Data Access Agreement

Prior to being provided with data by Reclink you will be required to sign our data access agreement. A copy of the agreement will be provided when we discuss your data needs.

Data Lake

Reclink maintains a “data lake” which contains cleaned data on participants, programs, surveys and related data. All data in the data lake is de-identified. No identified data will be provided to 3rd parties. No direct access to the data lake is provided to 3rd parties.

Data Tiers

Reclink provides data in 4 tiers to 3rd parties:

  • Tier 1: This is data in the form of reports and analysis. That is, Reclink conducts the analysis to agreed requirements and at agreed cost and provides the end results to you;
  • Tier 2: Summarised and aggregated data provided in a DuckDB database provided from Mother Duck. You are responsible for accessing the data using your own tools;
  • Tier 3: Non-summarised data provided in a DuckDB database provided from Mother Duck.
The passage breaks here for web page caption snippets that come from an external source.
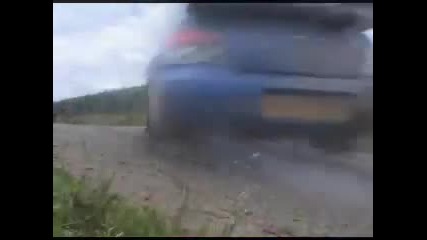 Subaru Impreza Wrx Sti 2007 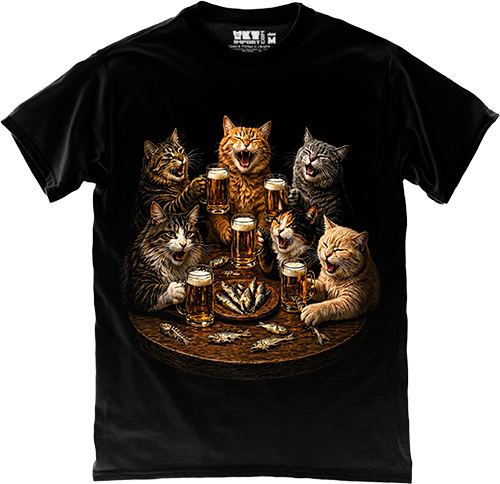 �������� - Cat Bar Crew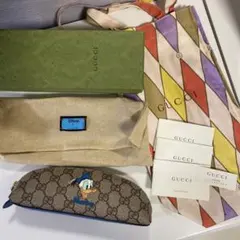 2026年最新】gucci ペンケース ディズニーの人気アイテム - メルカリ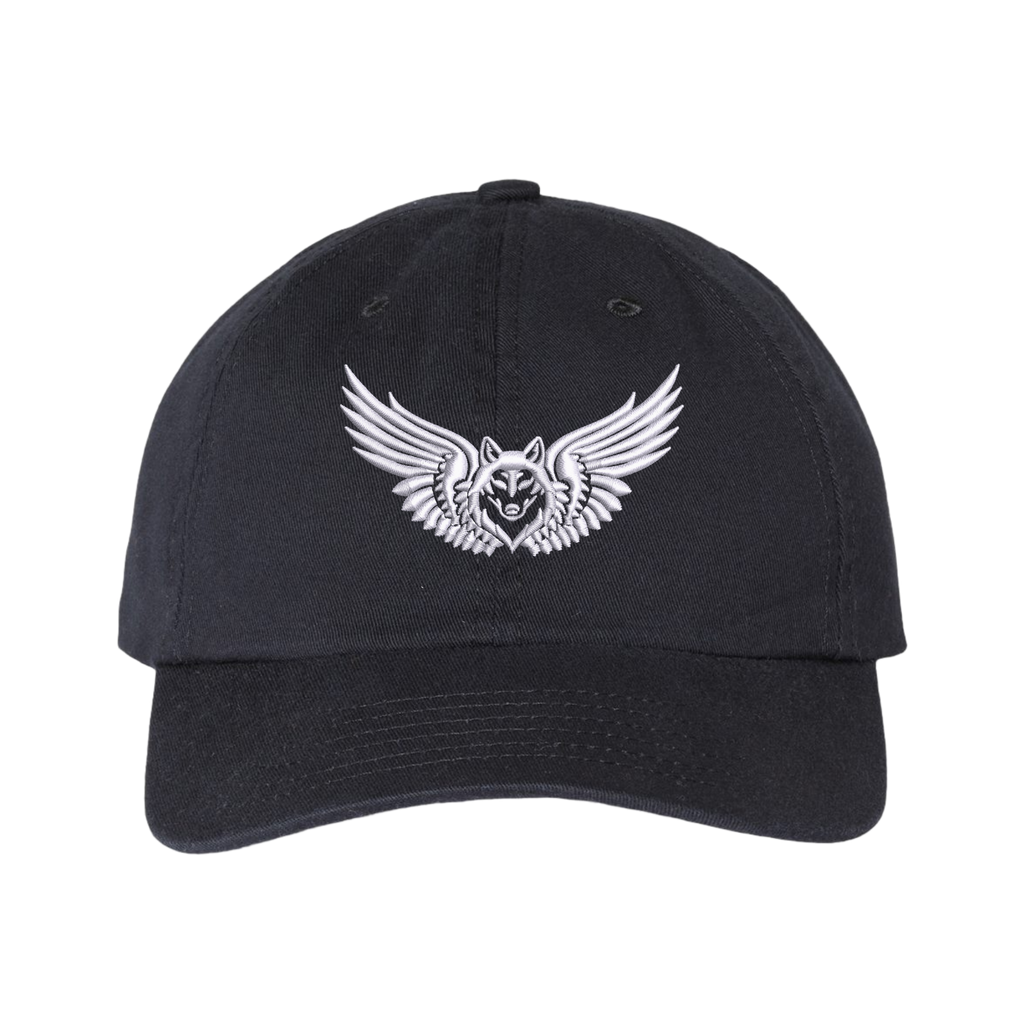Classic Caps  USA-Made Dad Hat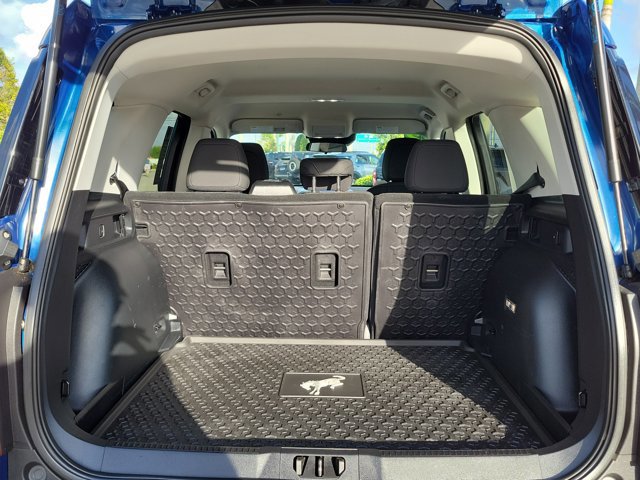 Certified 2023 Ford Bronco Sport Big Bend w/ Convenience Package image 11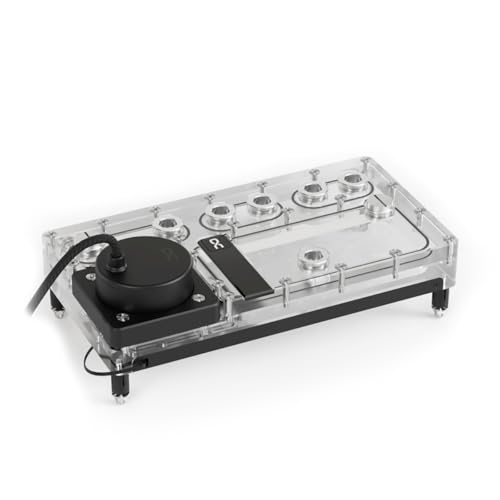 Distro Plate 240 Alphacool Core V.2 évite les fuites et simplifie le watercooling PC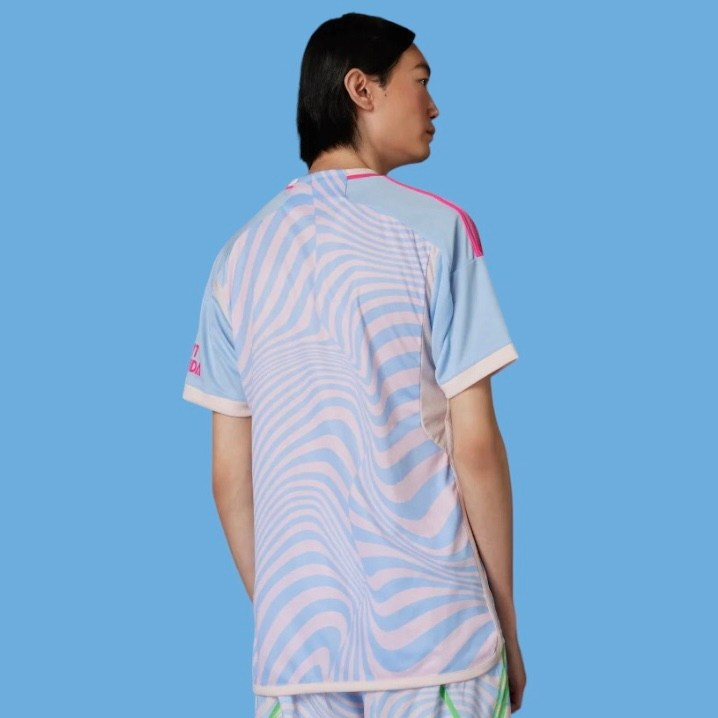 Купить редкую футболку Арсенал X ADIDAS BY STELLA MCCARTNEY 2023-2024. Футбольный магазин — ssw_magazin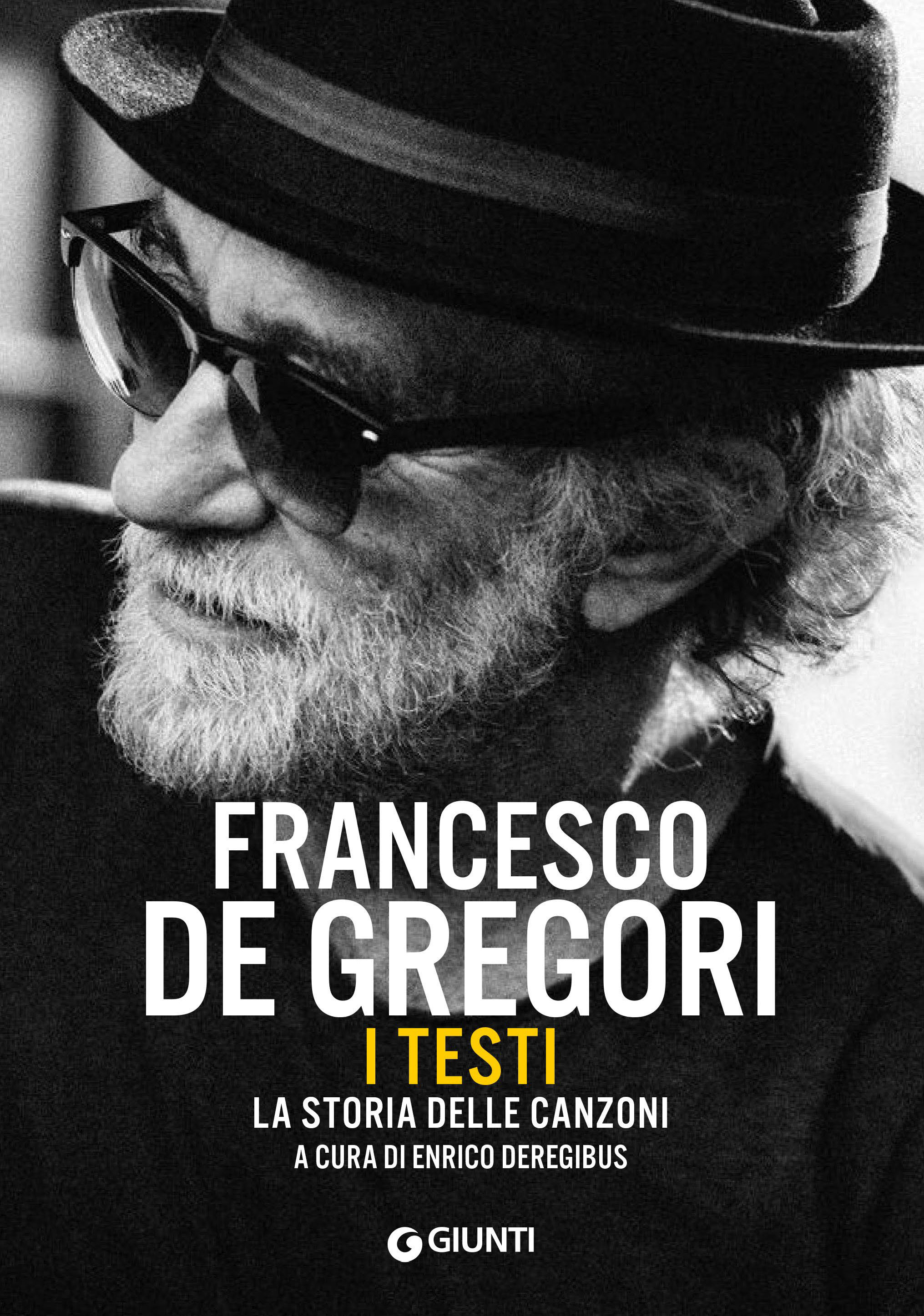 Francesco De Gregori, I testi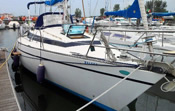 ferretti altura interni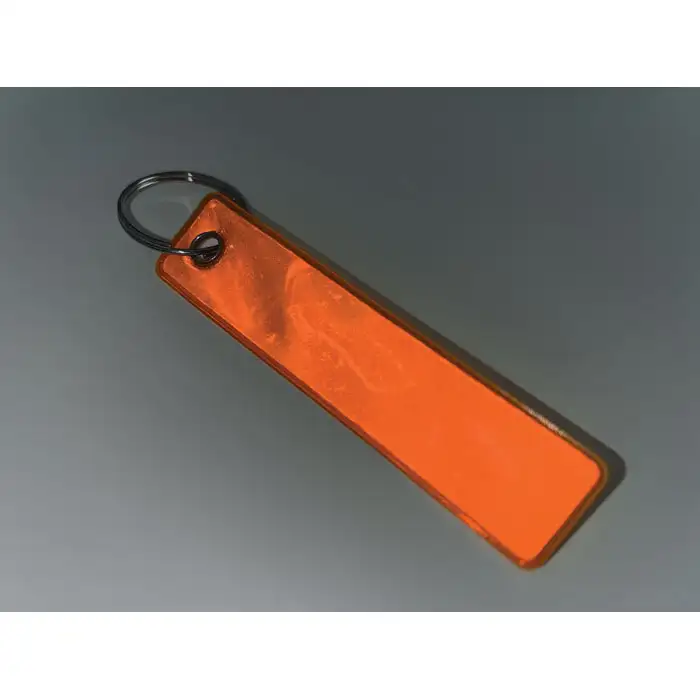 Reflekt. Schlüsselanhänger PVC – Ansicht 5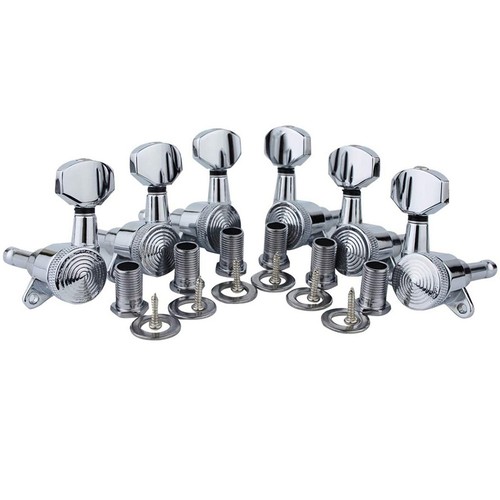 Meccaniche autobloccanti per - meccaniche,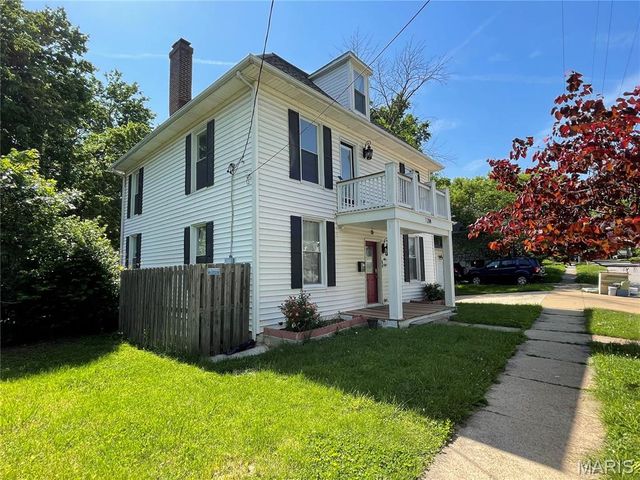 7214 Saint Elmo Avenue, Maplewood, MO 63143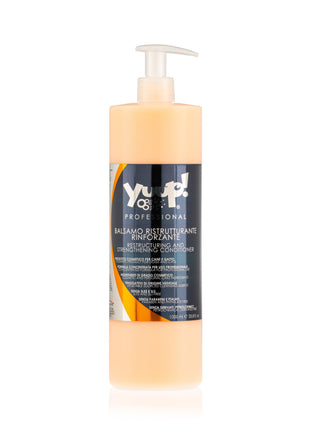Restrukturierender Aufbau-Conditioner | Yuup! Professional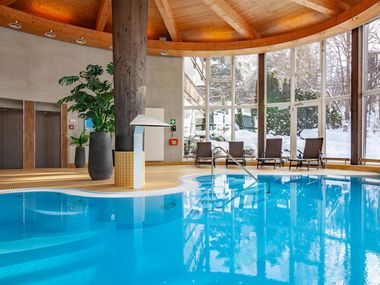 Hotel Bon Alpina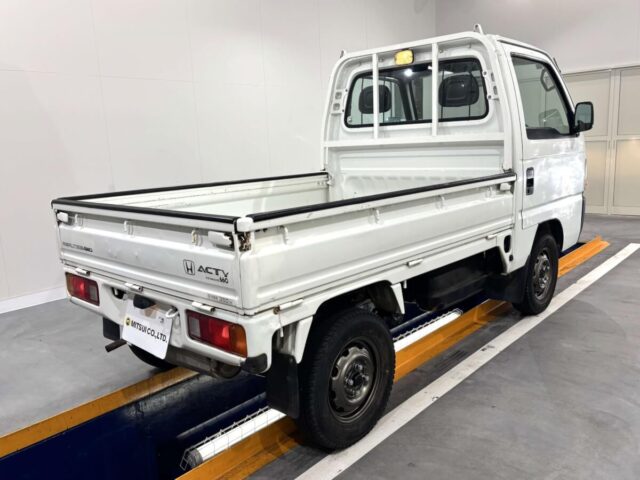 For sale 1996 Honda acty truck HA4-2306295 #Japanese #keitruck #minitruck #honda #acty #usa #uk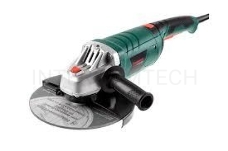 УШМ Hammer Flex USM2400D 2400Вт 6500об/мин 230мм, плавный пуск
You are responsible for accessing and analysing the data using your own tools;
  • Custom Access: On rare occasions we may, with prior agreement, provide access to extended datasets or specific aggregations. We are generally reluctant to do this and it will be charged at agreed cost if we do agree to provide it.

DuckDB and Mother Duck

DuckDB and Mother Duck are our standard way of providing data. You can directly address DuckDB using, for instance, a Python package, an R package or a CLI tool provided by DuckDB. There are numerous other extensions allowing access from, among others, PowerBI and Tableau. You can also attach to DuckDB databases in Mother Duck using the Mother Duck extension together with a local DuckDB instance. Querying is with an extended set of SQL which is well documented on the DuckDB and Mother Duck sites. Reclink does not provide support for writing SQL queries to address the data. All access is read-only, requiring you to perform any write operations locally.

Data Documentation

Reclink maintains data documentation to help users understand the data they are working with. This is provided in the form of a website. It details each table available, provides details of the columns in the data and shows the lineage for the tables and, where appropriate, the columns.